What makes this spending growth remarkable is that it's happening while traditional television advertising declines. Linear TV ad spend is projected to fall to $55.2 billion in 2025, down 7% from 2024, according to MediaPost analysis. The combined TV advertising market (linear plus streaming) is approaching $90 billion, with streaming capturing an increasingly larger share each year.
The programmatic share of this spending tells its own story. Approximately 84% of CTV advertising, or roughly $27 billion, is now purchased programmatically rather than through traditional direct sales relationships. This programmatic infrastructure is what makes streaming TV accessible to smaller advertisers: the same technology that serves a Fortune 500 brand's campaign can serve a local business's $500 test, because the buying mechanisms are automated and scalable.
Breaking down the numbers
Understanding where that $33 billion goes reveals the structure of the streaming advertising market and highlights opportunities for different types of advertisers.
By platform category
The streaming TV advertising market divides into several distinct categories:
Premium subscription streamers with ads: Netflix, Disney+, Max, Peacock, Paramount+
FAST services (Free Ad-Supported Streaming TV): Tubi, Pluto TV, The Roku Channel, Freevee
YouTube (on TV screens): The largest single streaming destination
Virtual MVPDs: YouTube TV, Hulu Live, Sling TV, fuboTV
Publisher apps on CTV: Network apps, sports apps, news apps
Premium streamers have become significant advertising platforms remarkably quickly. Netflix's ad-supported tier, launched in late 2022, now reaches 94 million monthly active users globally and generated $662 million in ad revenue in Q3 2025 alone. Disney+ reports 157 million monthly ad-supported viewers worldwide, with projected 2025 ad revenue of approximately $1.1 billion. Hulu remains the largest ad-supported streaming service by revenue, projected to generate over $4 billion in advertising in 2025.

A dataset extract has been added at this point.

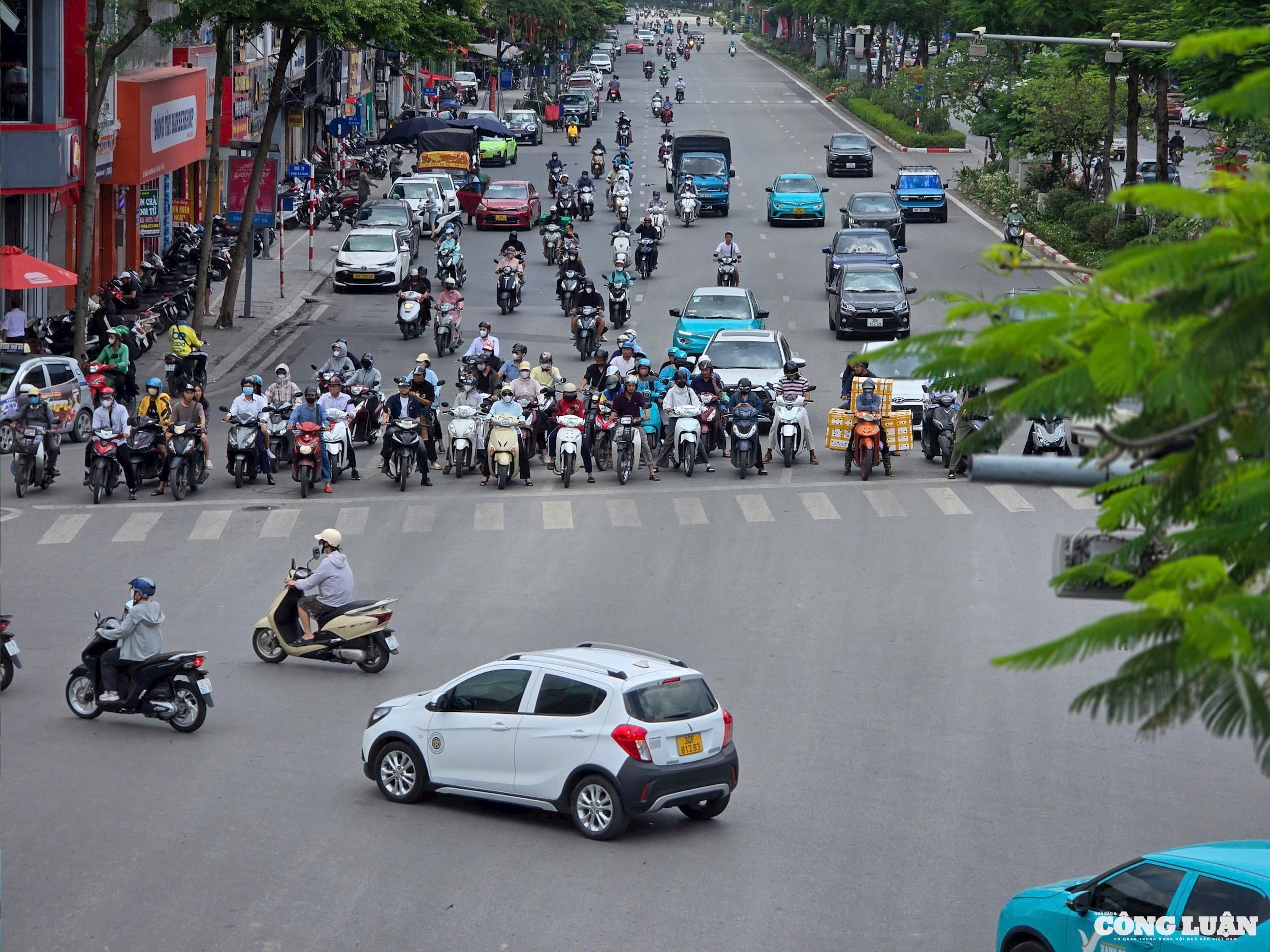 Chuyển đổi xe máy xăng ở Vành đai 1: Hà Nội lên phương án hỗ trợ người dân ra sao? - ảnh 1 Hình ảnh: Chuyển đổi xe máy xăng ở Vành đai 1: Hà Nội lên phương án hỗ trợ người dân ra sao? số 1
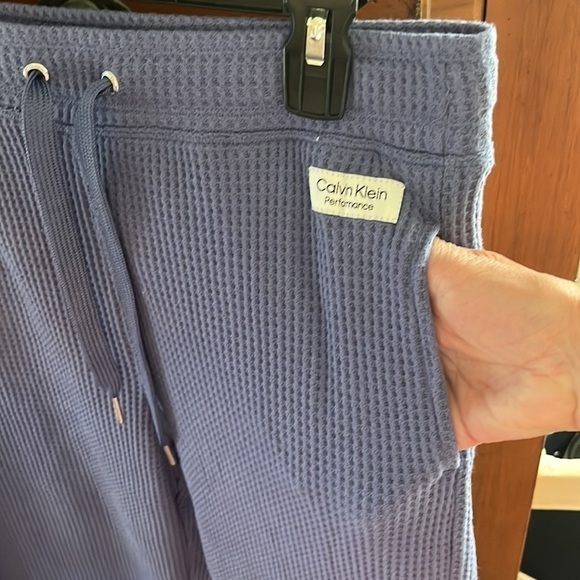 Calvin Klein Performance Women’s Blue Thermal Pants Size Medium NWOT - Picture 3 of 8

FAST services collectively represent the fastest-growing segment of streaming advertising. Tubi, Pluto TV, and The Roku Channel combined capture over 5% of all U.S. TV viewing time and offer advertisers significantly lower CPMs than premium services, typically $15-20 compared to $25-40 for premium inventory.
By buying method
The programmatic revolution in streaming TV has fundamentally changed how advertising is bought and sold:
Programmatic guaranteed: ~35% of spend (pre-negotiated deals executed programmatically)
Private marketplace (PMP): ~30% of spend (invitation-only auctions)
Open exchange: ~19% of spend (real-time bidding on available inventory)
Direct/IO: ~16% of spend (traditional insertion orders)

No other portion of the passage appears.